Give exactly the lines from the one with "3 meses de tratamiento de implantes dentales" through the final line of the listing below, both included, leaving out any pictures.
--- DATA SECTION ---
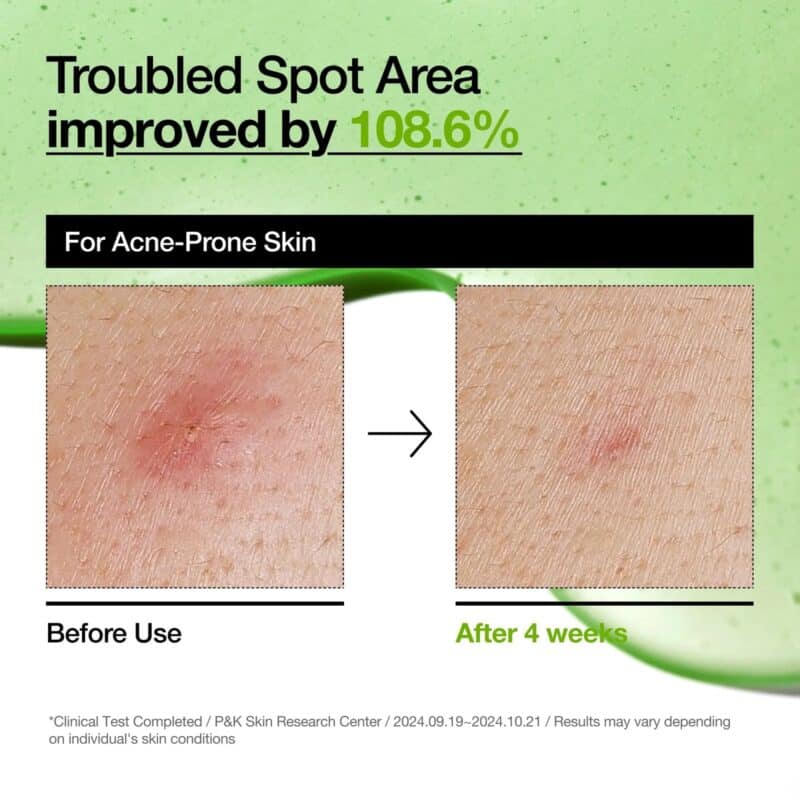 ANUA - AZELAIC ACID 10 HYALURON REDNESS SOOTHING SERUM 30ML - Image 4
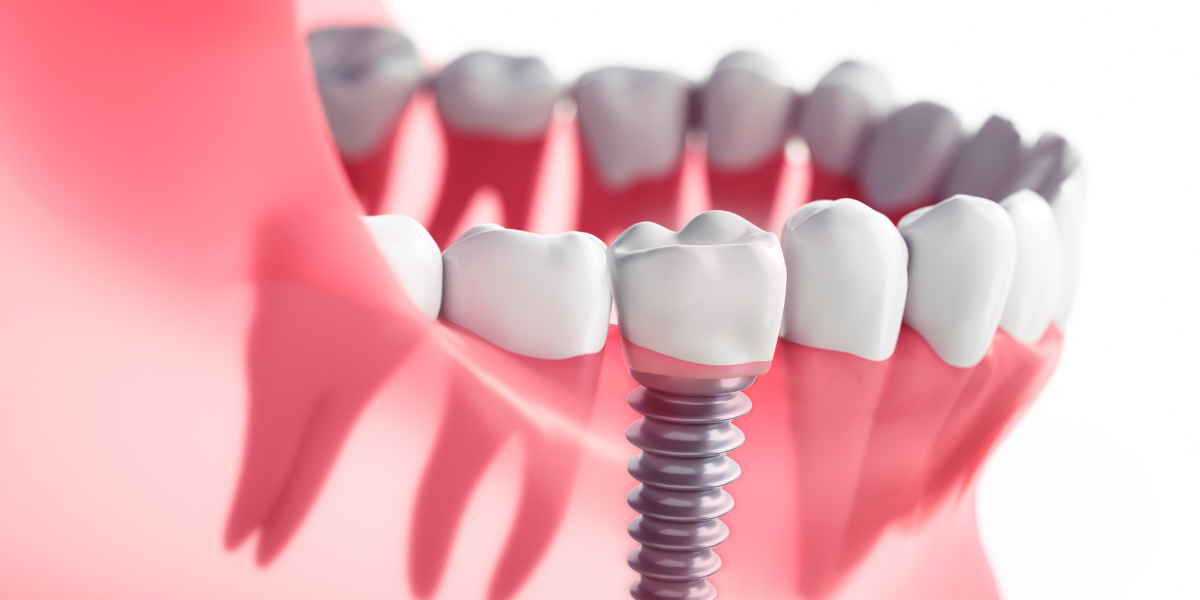 3 meses de tratamiento de implantes dentales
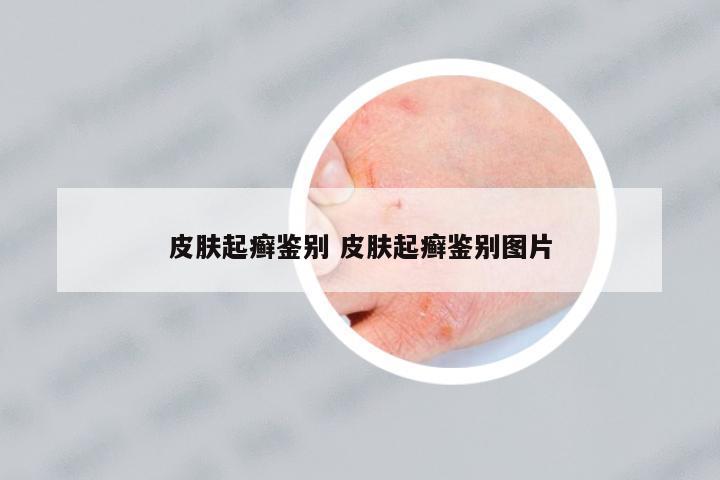 皮膚起癬鑒別 皮膚起癬鑒別圖片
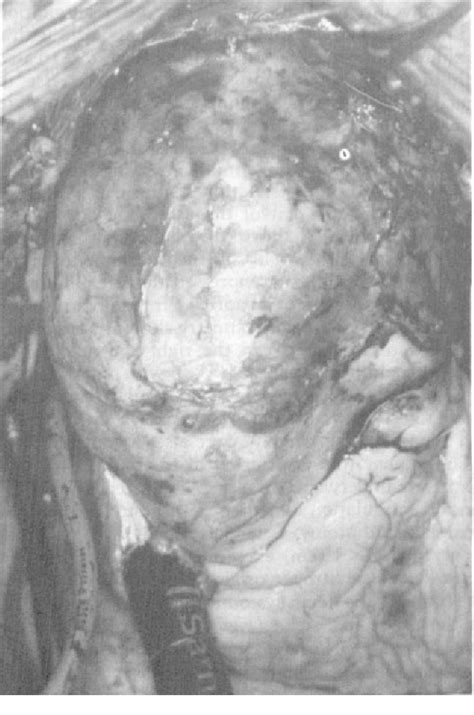 Figure 1 From Surgical Treatment Of An Aortopulmonary Artery Fistula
---
RESULT OF THIS EXERCISE:
 3 meses de tratamiento de implantes dentales
 皮膚起癬鑒別 皮膚起癬鑒別圖片
 Figure 1 From Surgical Treatment Of An Aortopulmonary Artery Fistula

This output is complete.